Update 25th Feb:
There have been several pieces in the news recently about Calories and whether we can trust the labels. The first was a piece in the New York Times where the journalist tested 5 foods and found that 4 out of the 5 were mislabelled, they actually contained more calories in total than listed. In fact the total was 500 calories more, the equivalent of eating a cheeseburger! (You can see the post by clicking here).
Secondly, research done at the U.S. Department of Agriculture’s Human Nutrition Research Center last year, found that almonds have 20% fewer calories than listed. Some foods could differ from their listed calorie value by as much as 50%. The difference is due to more complex and unprocessed foods being harder for the body to digest. The traditional method of calculating calories shown below is outdated and inaccurate.
We are constantly reading or being told about Calories and how many we need (or don’t need!) but when it comes to the labels of Calories in food, can we trust them? How are they calculated?
In order to answer this question, it helps to define a Calorie. A Calorie is a unit that is used to measure energy. The Calorie you see on a food package is actually a kilocalorie, or 1,000 calories. A Calorie (kcal) is the amount of energy needed to raise the temperature of 1 kilogram of water by 1 degree Celsius.
The original method used to calculate the number of Calories in a food was to measure the energy it produced. The food was placed in a sealed container surrounded by water–an apparatus known as a bomb calorimeter. The food was completely burned and the resulting rise in water temperature was measured. This method is not frequently used today.
Nowadays most food tables are based on an indirect Calorie estimation made using the so-called Atwater system. In this system, Calories are not determined directly by burning the foods. Instead, the total calorific value is calculated by adding up the Calories provided by the energy-containing nutrients: protein, carbohydrate, fat and alcohol. Because carbohydrates contain some fibre that is not digested and utilised by the body, the fibre component is usually subtracted from the total carbohydrate before calculating the calories.
The Atwater system uses the average values of 4 Kcal/g for protein, 4 Kcal/g for carbohydrate, and 9 Kcal/g for fat. Alcohol is calculated at 7 Kcal/g. (These numbers were originally determined by burning and then averaging.) Thus the label on an energy bar that contains 10 g of protein, 20 g of carbohydrate and 9 g of fat would read 201 kcals or Calories.
Does this give us a true calorific value? It still seems a bit hit and miss to me as the Atwater system assumes that all proteins, carbohydrates and fats are burnt in a similar way. For example, comparing lamb steak which is 159 Kcal per 100g, with almonds which are 645 Kcal per 100g, do the nuts really give that us that many more Calories or does it depend on how easy foods are to digest?

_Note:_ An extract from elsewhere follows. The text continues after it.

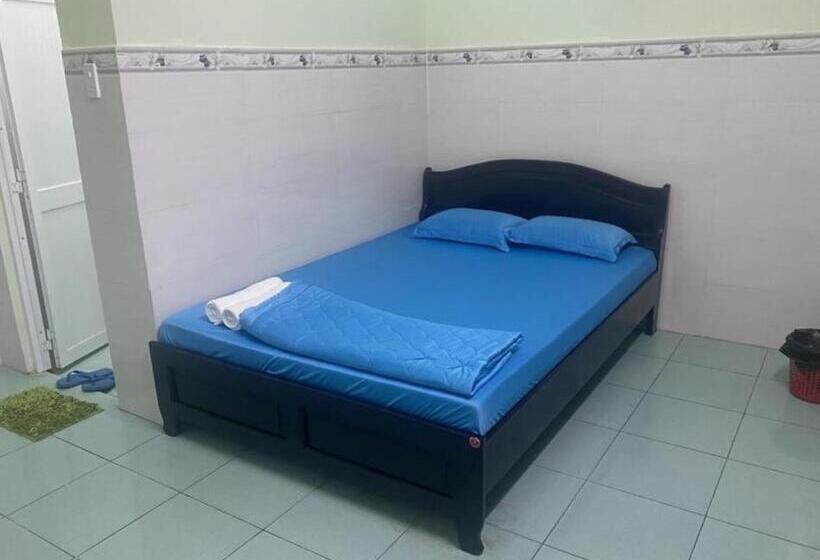 اتاق استاندارد, Spot On 1218 Nha Nghi Hung Thinh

Are you confused yet?! Basically, Calories are not calculated for each food, they are based on averages, so you cannot trust the label on a food packet to be accurate.
My feeling is that this will also vary by individual too, so only use Calorific values on packets as a rough guide and try foods yourself to see whether you put weight on! As a rule of thumb, the more unprocessed the food, the fewer Calories you will get as the body has to work harder to digest it.
Do you have any thoughts on Calories listed on food labels?